Мне не запомнился ответ Леонова, но очередной вопрос, адресованный ему Молотовым, меня ошеломил:
— А как случилось, что вы написали антипатриотичный рассказ «Евгения Ивановна»? — Так и спросил!
— Почему антипатриотичный? — Лицо Леонида Максимовича покрылось розовыми пятнами. — Я с вами согласиться не могу!
— В прежние времена мы вас бы строго наказали за него. — Лицо Молотова тоже побагровело.
Я почувствовал столь острую тревогу, что заболело сердце: было похоже, что эти два великих человека сейчас схлестнутся в споре, который может закончиться плохо. Особенно пугала жесткость в словах Молотова и исчезнувшее в его глазах обычное выражение ироничности.
— Это уже интересно. — Леонид Максимович вынужденно засмеялся, и всем нам было видно, как он сдерживал себя, чтоб не ожесточиться. — Я, между прочим, все свое творчество рассматриваю в единстве. В том числе и «Евгению Ивановну», судьба которой продолжается в последующем рассказе…
Молотов не очень деликатно прервал Леонова:
— Неужели вы верите в то, что любовь между двумя людьми может оправдать измену родине одного из них, в данном случае Евгении Ивановны?
Я не смею продолжать рассказ об их дальнейшей дискуссии, боясь быть неточным. Запомнились мне вразумляющие интонации в размышлениях Леонида Максимовича о человеческих натурах, порывах их характеров, о разности отношений отдельных личностей к родному народу, к России и тому общественному строю, который отторгает человека не от народа, не от России, а от чужеродности «нового» бытия, удушливости атмосферы времени.

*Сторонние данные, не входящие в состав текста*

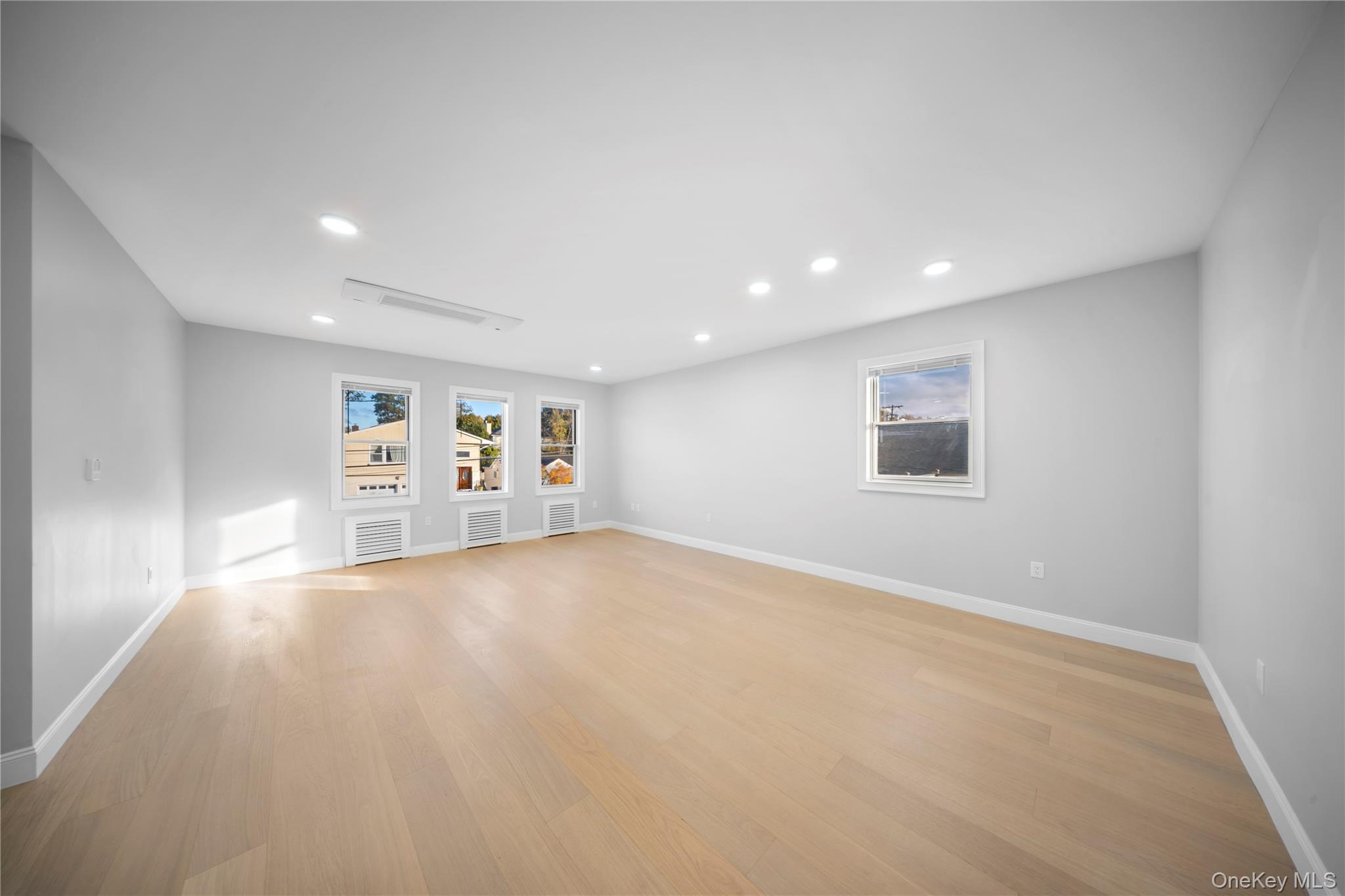 20 Genevieve Place, Great Neck, NY 11021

Надо было разряжать напряженность разговора. И мы, кто был в застолье, наперебой начали требовать вновь наполнить рюмки. Зазвучали тосты, а Михаил Алексеев тут же взял на себя роль «громоотвода» — увел всеобщее внимание в новое русло. Начал вспоминать тридцатые годы, страшный голод в Поволжье, стал рассказывать о своей родной Саратовщине и обо всем поволжском крае, объединившем тогда несколько областей, о царивших там беспорядках, головотяпстве местных руководителей.
Молотов почувствовал, что в словах Михаила Алексеева сквозит прямой упрек тогдашнему Советскому правительству и лично ему, Молотову. И не только не отмолчался, но и перешел в контратаку:
— Молодой человек, — обратился он к Алексееву, и уже от этих слов Михаил Николаевич почему-то побледнел, вызвав во мне необъяснимый приступ беззвучного смеха. — Я прочитал все ваши книги. Да, талатливо. Но в них, а значит, и в вас, есть глубокие внутренние противоречия…
Я понял, что это был упрек и моему роману «Люди не ангелы», а также книгам Федора Абрамова и Сергея Крутилина, — на эту тему у нас с Молотовым уже были разговоры раньше, которые он всегда завершал выводом: «Многие писатели, пишущие о деревне, не понимают учения Ленина о крестьянском вопросе».
Прервав дискуссию, Молотов встал и предложил тост в память о Сталине. Затем Владимир Фирсов и Феликс Чуев поочередно начали читать стихи, которые всех нас будто примирили…
Мои встречи с Молотовым чаще продолжались на его даче в Жуковке.
Несколько раз он еще приезжал к нам в Переделкино.
Но то уже были встречи деловые, без особых дискуссий, пусть и не менее, а порой и более интересные. Для меня, продолжавшего писать о начальном периоде войны, они сослужили неоценимо полезную службу, оказались незабываемыми, о чем я искренне, с глубоким волнением сказал в своей траурной речи на его похоронах 12 ноября 1986 года. Умер он 8 ноября на девяносто шестом году жизни.